§ **Work request**: Check the listing below for lines that hold "with". How many are there? Please give only the number.

§ **Records for processing**:

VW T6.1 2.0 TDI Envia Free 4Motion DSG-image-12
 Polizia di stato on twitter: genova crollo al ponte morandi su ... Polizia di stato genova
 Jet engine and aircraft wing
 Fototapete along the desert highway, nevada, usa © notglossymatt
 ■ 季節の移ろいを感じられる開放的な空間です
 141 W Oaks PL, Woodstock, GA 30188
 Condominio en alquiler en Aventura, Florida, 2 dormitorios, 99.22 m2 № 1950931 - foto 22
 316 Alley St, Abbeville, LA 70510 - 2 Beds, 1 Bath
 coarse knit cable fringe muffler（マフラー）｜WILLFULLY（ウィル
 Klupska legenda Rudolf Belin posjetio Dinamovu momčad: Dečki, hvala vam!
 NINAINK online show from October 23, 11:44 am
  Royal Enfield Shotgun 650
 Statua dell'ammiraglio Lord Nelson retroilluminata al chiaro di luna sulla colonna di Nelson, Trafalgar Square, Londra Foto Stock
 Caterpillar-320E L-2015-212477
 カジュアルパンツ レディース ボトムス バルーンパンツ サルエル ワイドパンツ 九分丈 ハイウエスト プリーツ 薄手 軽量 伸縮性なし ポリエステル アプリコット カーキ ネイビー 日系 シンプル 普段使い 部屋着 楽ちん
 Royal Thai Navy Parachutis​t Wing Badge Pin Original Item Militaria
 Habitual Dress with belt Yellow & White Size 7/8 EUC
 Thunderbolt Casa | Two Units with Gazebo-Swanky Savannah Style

§ **Expected answer**: 2